Linklater leaves Limpet

For the past few years Richard Linklater has been attached to direct The Incredible Mr. Limpet for Warner Bros. That’s the remake of the 1964 film (or a re-adaptation of the source novel by Theodore Pratt) in which a man turns into a fish… which then helps the Navy find and sink German U-Boats. The original film featured Don Knotts as the title character, and used classic cel animation to make the fish scenes come alive. The remake will ditch the war angle, and follow a beach bum who hopes to protect local marine life from rapacious business interests.

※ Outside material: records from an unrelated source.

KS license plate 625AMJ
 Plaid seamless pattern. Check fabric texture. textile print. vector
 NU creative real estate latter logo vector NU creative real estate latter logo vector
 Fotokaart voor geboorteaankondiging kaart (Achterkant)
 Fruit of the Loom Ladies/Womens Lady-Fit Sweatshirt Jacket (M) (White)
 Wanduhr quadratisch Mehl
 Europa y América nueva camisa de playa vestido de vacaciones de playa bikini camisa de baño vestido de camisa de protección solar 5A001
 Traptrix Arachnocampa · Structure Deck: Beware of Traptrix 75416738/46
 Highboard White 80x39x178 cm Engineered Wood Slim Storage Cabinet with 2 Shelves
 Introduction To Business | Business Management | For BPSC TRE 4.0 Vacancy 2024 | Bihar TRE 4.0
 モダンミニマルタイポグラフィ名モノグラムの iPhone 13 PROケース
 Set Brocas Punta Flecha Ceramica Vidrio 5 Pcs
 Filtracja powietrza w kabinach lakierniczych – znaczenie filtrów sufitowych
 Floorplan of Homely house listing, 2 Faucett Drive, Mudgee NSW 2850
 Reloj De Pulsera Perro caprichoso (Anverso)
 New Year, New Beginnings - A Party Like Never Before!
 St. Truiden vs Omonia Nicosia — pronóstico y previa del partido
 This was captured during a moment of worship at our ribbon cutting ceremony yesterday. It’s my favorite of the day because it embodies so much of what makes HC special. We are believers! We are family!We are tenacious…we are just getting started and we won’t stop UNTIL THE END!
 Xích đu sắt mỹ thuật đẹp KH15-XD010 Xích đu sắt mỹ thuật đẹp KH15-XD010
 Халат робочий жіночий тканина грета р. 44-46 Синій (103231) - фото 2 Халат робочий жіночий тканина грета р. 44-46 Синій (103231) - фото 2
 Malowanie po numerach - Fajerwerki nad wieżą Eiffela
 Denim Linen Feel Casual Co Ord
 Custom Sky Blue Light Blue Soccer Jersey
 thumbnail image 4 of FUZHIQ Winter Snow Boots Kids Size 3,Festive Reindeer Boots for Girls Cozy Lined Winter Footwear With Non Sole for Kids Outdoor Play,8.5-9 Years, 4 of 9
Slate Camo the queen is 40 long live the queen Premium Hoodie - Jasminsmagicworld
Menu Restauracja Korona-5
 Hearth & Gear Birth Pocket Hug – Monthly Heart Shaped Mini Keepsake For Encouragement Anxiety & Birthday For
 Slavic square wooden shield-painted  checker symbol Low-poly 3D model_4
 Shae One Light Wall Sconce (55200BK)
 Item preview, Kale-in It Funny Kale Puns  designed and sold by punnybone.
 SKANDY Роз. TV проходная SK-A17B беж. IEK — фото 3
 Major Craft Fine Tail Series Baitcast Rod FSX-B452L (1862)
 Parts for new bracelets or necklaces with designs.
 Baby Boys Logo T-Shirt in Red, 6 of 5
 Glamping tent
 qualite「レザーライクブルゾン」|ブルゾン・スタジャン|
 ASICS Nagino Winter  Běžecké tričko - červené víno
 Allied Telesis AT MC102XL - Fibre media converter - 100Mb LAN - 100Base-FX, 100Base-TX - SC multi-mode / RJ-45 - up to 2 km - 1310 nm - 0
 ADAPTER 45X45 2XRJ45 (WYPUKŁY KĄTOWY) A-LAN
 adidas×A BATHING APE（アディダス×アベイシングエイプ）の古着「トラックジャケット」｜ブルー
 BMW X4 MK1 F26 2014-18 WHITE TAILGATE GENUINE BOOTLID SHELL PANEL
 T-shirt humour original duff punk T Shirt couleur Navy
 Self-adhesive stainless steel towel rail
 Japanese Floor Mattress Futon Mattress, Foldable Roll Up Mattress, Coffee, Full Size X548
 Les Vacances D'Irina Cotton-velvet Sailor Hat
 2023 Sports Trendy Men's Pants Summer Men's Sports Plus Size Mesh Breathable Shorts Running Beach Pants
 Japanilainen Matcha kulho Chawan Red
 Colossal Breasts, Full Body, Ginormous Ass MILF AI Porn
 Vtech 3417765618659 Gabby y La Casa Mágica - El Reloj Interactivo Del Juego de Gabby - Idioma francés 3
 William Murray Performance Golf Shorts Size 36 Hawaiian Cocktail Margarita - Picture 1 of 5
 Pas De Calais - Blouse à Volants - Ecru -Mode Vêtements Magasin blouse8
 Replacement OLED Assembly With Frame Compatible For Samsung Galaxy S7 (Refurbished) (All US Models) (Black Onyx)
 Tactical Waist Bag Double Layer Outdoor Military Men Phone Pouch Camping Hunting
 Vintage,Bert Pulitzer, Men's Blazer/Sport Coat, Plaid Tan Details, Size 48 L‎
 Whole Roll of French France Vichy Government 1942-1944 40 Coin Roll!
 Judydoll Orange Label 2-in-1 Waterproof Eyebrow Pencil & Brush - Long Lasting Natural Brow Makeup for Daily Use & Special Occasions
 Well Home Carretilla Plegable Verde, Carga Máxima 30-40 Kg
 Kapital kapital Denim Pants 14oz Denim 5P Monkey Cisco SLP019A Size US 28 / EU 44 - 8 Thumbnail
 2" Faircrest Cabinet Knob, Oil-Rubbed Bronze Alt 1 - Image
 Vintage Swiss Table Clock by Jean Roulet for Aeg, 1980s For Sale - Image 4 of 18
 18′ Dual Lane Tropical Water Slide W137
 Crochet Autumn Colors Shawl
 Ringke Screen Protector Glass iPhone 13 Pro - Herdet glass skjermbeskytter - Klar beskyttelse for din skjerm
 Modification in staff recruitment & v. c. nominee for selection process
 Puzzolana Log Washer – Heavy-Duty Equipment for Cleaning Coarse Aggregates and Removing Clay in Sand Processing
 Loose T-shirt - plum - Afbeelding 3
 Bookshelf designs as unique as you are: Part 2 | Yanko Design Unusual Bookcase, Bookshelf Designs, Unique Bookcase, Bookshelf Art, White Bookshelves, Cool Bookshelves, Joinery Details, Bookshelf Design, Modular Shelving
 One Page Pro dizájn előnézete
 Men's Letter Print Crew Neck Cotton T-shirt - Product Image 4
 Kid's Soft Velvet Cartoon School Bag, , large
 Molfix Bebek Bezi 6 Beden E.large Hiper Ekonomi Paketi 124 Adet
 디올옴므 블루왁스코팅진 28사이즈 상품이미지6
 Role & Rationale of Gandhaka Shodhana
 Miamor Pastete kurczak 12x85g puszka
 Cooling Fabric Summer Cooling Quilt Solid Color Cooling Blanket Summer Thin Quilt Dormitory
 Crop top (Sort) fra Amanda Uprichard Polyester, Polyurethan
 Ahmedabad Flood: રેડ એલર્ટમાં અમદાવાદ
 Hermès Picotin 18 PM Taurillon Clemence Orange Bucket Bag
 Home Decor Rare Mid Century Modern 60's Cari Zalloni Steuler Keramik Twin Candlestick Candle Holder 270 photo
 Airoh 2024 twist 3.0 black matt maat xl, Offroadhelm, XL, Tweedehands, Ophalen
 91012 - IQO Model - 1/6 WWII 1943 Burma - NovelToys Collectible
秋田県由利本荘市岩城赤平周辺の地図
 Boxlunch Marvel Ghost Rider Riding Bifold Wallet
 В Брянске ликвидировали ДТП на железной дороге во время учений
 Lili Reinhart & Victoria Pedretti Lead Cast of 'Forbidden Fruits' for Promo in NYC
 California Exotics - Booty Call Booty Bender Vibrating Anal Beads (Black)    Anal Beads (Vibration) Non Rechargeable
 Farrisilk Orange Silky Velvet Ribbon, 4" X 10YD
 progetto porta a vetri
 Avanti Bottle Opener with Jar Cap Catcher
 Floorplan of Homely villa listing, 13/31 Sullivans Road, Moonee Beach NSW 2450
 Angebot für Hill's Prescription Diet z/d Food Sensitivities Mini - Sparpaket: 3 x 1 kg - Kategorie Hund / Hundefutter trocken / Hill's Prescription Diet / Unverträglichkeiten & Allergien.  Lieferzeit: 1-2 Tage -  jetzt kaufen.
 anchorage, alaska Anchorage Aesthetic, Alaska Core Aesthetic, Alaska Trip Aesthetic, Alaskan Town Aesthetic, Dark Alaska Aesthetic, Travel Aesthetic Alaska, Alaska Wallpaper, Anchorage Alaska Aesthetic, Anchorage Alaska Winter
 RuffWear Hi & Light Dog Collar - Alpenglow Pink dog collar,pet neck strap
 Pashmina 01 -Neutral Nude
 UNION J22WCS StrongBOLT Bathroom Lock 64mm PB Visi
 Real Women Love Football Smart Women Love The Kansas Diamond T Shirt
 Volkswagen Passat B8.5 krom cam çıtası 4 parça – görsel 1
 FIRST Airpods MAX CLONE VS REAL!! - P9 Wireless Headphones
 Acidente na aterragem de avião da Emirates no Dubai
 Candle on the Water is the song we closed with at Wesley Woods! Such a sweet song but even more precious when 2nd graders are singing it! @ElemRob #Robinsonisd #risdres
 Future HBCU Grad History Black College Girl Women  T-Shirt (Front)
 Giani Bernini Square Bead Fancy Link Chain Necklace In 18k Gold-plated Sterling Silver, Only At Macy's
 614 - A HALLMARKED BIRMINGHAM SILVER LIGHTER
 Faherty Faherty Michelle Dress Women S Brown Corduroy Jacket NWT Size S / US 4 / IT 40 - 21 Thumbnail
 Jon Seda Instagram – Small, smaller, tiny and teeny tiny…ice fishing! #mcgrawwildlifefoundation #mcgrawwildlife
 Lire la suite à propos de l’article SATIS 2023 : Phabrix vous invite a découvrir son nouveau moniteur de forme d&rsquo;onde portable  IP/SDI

Now Linklater has bailed on making the film, and Warner Bros. is moving quickly to find a new director. But the reason for Linklater’s departure is one that will make many readers happy. He’s skipping the fish picture in order to make That’s What I’m Talking About, the semi-autobiographical film that has been called a “spiritual successor to Dazed & Confused.”

THR reports the change, and says that Linklater wants to use the current cred he has thanks to Boyhood and Before Midnight to get That’s What I’m Talking About shot this fall.

The downside here is that Limpet had been reported to offer a chance for Linklater to reunite with animators Femke Wolting and Tommy Pallotta, who both worked on Waking Life and A Scanner Darkly. That would have been a good thing to see. Whether they’ll remain now that Linklater is gone is open to question.

The same thing goes for the cast which has reportedly signed on: Zach Galifianakis has been talked about as the lead for months, with Jon Hamm, Danny McBrideSarah SilvermanKevin HartJosh GadKeegan Michael Key, and Jordan Peele all linked to the film.

As for That’s What I’m Taking About, Linklater has said be might have a role in the film for Matthew McConaughey, and noted “It’s not really a sequel; that’s a word that just kind of comes out. They’re not the same characters.” But that was said a couple years ago. Things could have changed.

THR just calls That’s What I’m Talking About a “1980s, university-set project” with autobiographical elements that “follows freshmen as they navigate through the first year of college life, while trying to make the baseball team.”